Led by Renren (NASDAQ: RENN) and Qihoo 360 Technology (NYSE: QIHU), these new IPOs were priced at extremely high valuations. Many of these stocks have sold off 40% or more from the closing price on their first day of trading.
These new Chinese high-flying IPOs also cannibalized investor capital that supported other Chinese growth stocks. As a result, all high-P/E China stocks — regardless of quality — have been hard hit in the past few weeks.
China Stock to Buy #1 – SINA Corporation (SINA)
SINA Corporation (NASDAQ: SINA) has declined sharply in the past couple of weeks, leading the sell-off in Chinese Internet stocks. SINA recently disclosed that New-Wave Investment, a company controlled by SINA management and venture capitalists, plans to sell 1.25 million SINA shares.
The selling has been under way for several days now. I think this may be mainly Sequoia Capital taking profits. In addition, SINA management still owns a substantial stake in the company.
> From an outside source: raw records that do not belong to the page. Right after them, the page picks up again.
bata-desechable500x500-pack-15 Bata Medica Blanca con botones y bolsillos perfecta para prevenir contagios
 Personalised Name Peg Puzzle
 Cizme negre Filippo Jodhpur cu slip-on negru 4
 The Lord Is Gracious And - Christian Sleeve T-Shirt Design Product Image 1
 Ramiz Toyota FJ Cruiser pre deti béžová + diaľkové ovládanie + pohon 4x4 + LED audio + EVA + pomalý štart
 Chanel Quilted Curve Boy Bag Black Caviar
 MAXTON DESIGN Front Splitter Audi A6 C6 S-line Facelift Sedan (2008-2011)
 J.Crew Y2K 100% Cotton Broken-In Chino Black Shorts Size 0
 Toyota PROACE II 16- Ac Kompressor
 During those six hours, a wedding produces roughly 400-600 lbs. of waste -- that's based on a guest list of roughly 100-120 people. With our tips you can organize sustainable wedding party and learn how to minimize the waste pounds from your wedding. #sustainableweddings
Judging by the market action — with the selling starting on June 3 and knocking SINA down from $125 to about $80 — the bulk of the selling is already over. Based on the trading volume, it was clear that a major holder is selling, but I did not expect this deep of a sell-off. This is a volatile name right now, but I think that the stock is currently oversold.
In addition, the company announced it would be launching an English-language microblog aimed at users abroad, entering a market dominated by U.S.-based Twitter. This is an interesting development that may lead to more users for the SINA’s Weibo platform.
China Stock to Buy #2 – 51Job, Inc. (JOBS)
51Job, Inc. (NASDAQ: JOBS) was mentioned in a negative research report regarding the human-resources and employment-services industry and the high valuation of companies in the sector. As a result, JOBS has sold off to the tune of 15%.
However, though the jobs market is certainly weak in the United States, the Chinese job market is much stronger. As a result, I remain long-term positive on this China stock.
China Stock to Buy #3 – Corporation Of China Limited (ACH)
Corporation Of China Limited (NYSE: ACH) rose recently on news that its parent company took control of five rare-earths producers in Jiangsu in an effort to boost its own production. ACH’s parent will now have an annual rare-earths production capacity of 34,700 tons. Since the announcement, the stock has been choppy.
Though I am still not sure whether the publicly listed entity will have any rare-earth assets, I believe these assets nevertheless will benefit ACH in the long run, and the parent company could inject some of the assets into the listed entity.